La mujer tenía 40 años y murió de cáncer en Guatemala, según la afiliada de CNN KXAN. 

Saburido tenía 20 años en 1999 y se dirigía a su casa tras una fiesta de cumpleaños con cuatro amigos en Austin, Texas, cuando un conductor ebrio golpeó su auto de frente, según el Departamento de Transporte de Texas, que contó con la participación de Saburido en su campaña “Los rostros de conducir ebrio”.

Según informó CNN, otros dos pasajeros que iban en el vehículo murieron instantáneamente. Saburido, sentada en el asiento del pasajero delantero, sufrió quemaduras de tercer grado en más del 60% de su cuerpo luego de que el auto se incendió.

Ella requirió más de 100 cirugías para tratar las quemaduras de su cara y sus manos.

Al momento del accidente, Saburido, quien creció en Caracas, Venezuela, había estado en Estados Unidos por menos de un mes y no tenía seguro médico, según el Departamento de Transporte. Sus facturas médicas superaron los 5 millones de dólares.

El conductor del otro vehículo, Reggie Stephey, de 18 años, fue declarado culpable de dos cargos de homicidio culposo por intoxicación y condenado a siete años de prisión. En 2008 quedó libre.

Después del accidente, Saburido se convirtió en una defensora de la campaña en contra de la conducción en estado de embriaguez del Departamento de Transporte de Texas, hizo numerosas apariciones en la escuela y usó su aspecto sorprendente para crear conciencia sobre los peligros de conducir bajo la influencia del alcohol. 

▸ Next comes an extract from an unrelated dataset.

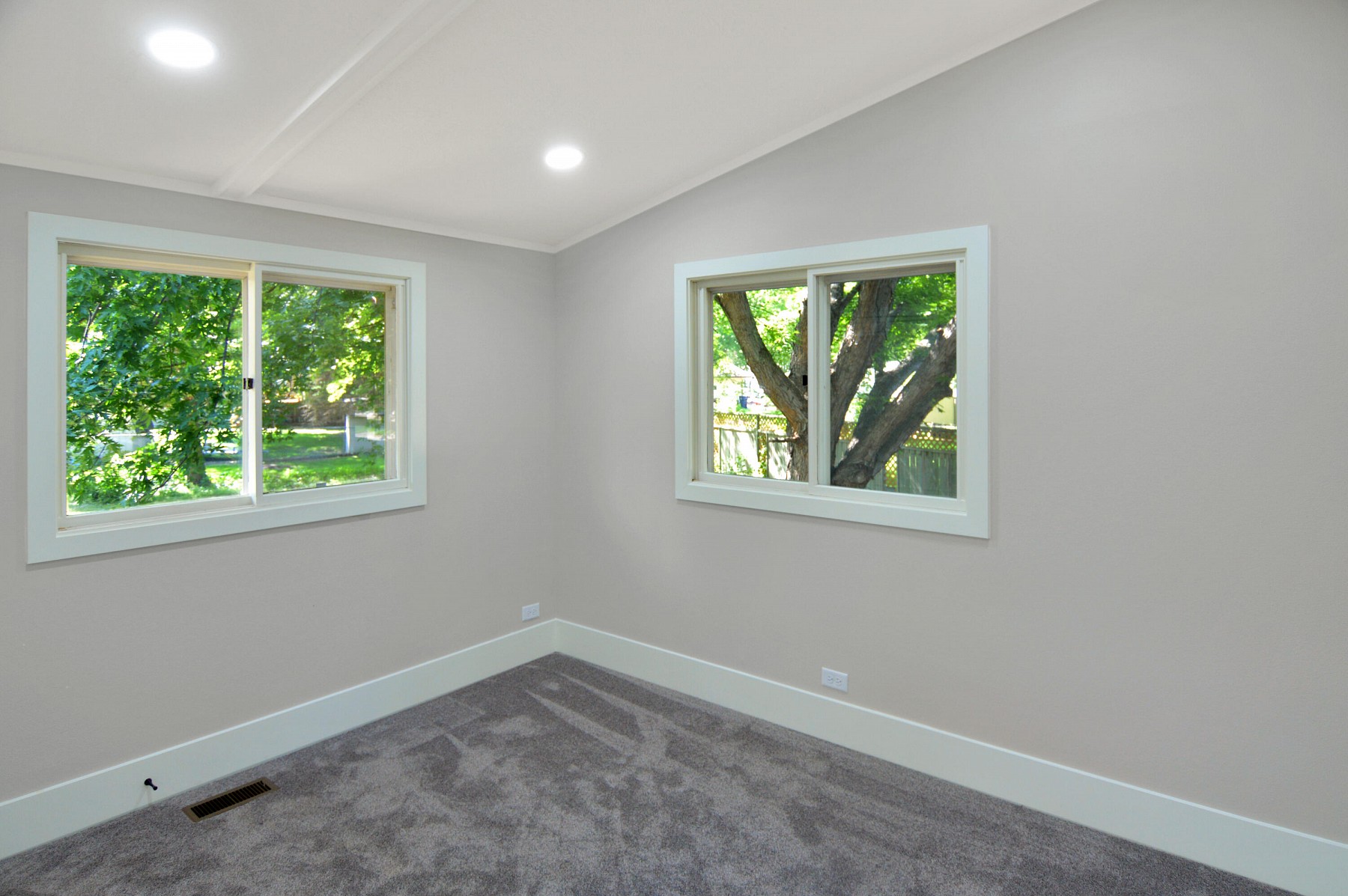 109 Washington Road, Volga, SD 57071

Incluso si significa estar sentado aquí frente a una cámara sin orejas, sin nariz, sin cejas, sin pelo, haré esto mil veces si eso ayudará a alguien a tomar una decisión sabia”, dijo Saburido durante una de sus muchas apariciones tras el accidente.

“Esto es parte de mi misión aquí en la Tierra”, agregó en un video en el sitio web de “Los rostros de conducir ebrio”. “Si esta cara y este cuerpo pueden ayudar a otros, entonces ¿por qué no?”, había expresado la mujer.